(Saved entries)
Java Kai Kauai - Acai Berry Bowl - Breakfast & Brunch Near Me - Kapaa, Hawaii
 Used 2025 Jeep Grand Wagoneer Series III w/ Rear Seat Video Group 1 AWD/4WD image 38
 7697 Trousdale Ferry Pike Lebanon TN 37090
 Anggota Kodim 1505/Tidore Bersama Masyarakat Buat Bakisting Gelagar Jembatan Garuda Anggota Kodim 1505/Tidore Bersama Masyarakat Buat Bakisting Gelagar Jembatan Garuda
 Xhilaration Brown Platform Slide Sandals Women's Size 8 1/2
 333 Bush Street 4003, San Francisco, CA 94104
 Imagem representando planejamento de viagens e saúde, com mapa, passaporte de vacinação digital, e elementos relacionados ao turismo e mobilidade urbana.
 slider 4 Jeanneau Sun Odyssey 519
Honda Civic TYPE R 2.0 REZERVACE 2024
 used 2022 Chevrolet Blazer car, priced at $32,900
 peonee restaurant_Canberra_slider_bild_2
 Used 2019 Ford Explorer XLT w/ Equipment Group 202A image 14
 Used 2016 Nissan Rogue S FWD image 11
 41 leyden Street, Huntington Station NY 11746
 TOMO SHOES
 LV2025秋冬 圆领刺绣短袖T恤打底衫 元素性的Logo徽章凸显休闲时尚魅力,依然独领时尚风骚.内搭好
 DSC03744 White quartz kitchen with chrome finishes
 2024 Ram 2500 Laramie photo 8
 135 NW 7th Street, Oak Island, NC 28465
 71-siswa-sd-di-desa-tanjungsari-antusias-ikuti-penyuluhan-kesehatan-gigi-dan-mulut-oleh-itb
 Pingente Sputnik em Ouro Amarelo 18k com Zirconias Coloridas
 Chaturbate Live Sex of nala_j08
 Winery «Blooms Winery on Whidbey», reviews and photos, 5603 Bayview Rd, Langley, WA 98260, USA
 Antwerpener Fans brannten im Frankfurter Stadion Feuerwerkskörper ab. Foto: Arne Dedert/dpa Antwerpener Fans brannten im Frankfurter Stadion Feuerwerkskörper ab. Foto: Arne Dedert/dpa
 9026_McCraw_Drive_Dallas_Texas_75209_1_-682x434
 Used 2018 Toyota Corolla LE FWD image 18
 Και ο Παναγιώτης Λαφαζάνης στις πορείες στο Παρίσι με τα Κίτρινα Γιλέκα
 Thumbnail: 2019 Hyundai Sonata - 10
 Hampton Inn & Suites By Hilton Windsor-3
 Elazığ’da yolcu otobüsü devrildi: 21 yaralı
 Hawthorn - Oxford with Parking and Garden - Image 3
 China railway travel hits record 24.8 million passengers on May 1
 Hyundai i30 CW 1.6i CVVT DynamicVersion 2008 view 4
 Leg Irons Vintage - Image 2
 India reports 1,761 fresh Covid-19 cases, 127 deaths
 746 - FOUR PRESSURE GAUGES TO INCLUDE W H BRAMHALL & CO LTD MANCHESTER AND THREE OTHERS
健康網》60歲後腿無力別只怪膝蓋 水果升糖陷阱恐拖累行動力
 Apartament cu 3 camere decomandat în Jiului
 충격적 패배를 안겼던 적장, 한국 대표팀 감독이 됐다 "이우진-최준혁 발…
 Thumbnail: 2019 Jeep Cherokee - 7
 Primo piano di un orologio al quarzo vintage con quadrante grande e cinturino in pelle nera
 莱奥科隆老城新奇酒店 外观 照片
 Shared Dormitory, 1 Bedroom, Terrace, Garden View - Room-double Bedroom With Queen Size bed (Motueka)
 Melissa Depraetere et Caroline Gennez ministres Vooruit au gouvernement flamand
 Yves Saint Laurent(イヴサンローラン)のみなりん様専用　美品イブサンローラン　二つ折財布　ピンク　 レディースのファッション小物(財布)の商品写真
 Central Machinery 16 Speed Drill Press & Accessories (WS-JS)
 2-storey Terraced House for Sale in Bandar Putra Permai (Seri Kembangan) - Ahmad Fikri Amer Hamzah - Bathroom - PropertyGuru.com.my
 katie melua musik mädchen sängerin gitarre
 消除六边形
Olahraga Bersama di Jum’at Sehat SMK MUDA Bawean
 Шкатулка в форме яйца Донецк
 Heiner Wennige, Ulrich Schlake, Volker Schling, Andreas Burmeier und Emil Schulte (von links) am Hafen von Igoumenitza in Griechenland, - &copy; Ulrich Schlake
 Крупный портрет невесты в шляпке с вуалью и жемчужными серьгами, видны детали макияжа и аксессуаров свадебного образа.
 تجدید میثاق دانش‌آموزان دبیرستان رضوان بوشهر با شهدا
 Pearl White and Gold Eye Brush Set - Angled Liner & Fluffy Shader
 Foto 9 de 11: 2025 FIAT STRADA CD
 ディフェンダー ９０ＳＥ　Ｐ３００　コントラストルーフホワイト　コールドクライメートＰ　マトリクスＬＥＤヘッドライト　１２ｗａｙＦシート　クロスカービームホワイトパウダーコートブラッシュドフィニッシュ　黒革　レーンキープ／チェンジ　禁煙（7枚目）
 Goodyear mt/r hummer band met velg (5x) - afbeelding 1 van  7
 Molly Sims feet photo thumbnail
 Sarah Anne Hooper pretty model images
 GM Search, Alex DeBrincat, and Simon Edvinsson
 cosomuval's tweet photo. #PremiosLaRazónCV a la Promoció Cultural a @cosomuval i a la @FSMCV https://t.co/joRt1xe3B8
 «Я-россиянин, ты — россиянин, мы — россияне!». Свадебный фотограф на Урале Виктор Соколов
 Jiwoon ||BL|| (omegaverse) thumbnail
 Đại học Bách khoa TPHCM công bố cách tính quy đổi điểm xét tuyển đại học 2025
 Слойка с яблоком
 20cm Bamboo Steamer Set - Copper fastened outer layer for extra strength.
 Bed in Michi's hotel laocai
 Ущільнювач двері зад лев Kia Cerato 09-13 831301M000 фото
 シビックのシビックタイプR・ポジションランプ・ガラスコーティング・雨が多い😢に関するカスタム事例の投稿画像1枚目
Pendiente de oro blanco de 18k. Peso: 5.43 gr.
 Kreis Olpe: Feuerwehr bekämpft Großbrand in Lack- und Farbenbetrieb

• **DESCRIPTION OF THE TASK**
Your answer should be the lines above from the one containing "ディフェンダー ９０ＳＥ　Ｐ" through the one containing "Слойка с яблоком", copied exactly and with both ends kept.

• **TASK OUTPUT**
 ディフェンダー ９０ＳＥ　Ｐ３００　コントラストルーフホワイト　コールドクライメートＰ　マトリクスＬＥＤヘッドライト　１２ｗａｙＦシート　クロスカービームホワイトパウダーコートブラッシュドフィニッシュ　黒革　レーンキープ／チェンジ　禁煙（7枚目）
 Goodyear mt/r hummer band met velg (5x) - afbeelding 1 van  7
 Molly Sims feet photo thumbnail
 Sarah Anne Hooper pretty model images
 GM Search, Alex DeBrincat, and Simon Edvinsson
 cosomuval's tweet photo. #PremiosLaRazónCV a la Promoció Cultural a @cosomuval i a la @FSMCV https://t.co/joRt1xe3B8
 «Я-россиянин, ты — россиянин, мы — россияне!». Свадебный фотограф на Урале Виктор Соколов
 Jiwoon ||BL|| (omegaverse) thumbnail
 Đại học Bách khoa TPHCM công bố cách tính quy đổi điểm xét tuyển đại học 2025
 Слойка с яблоком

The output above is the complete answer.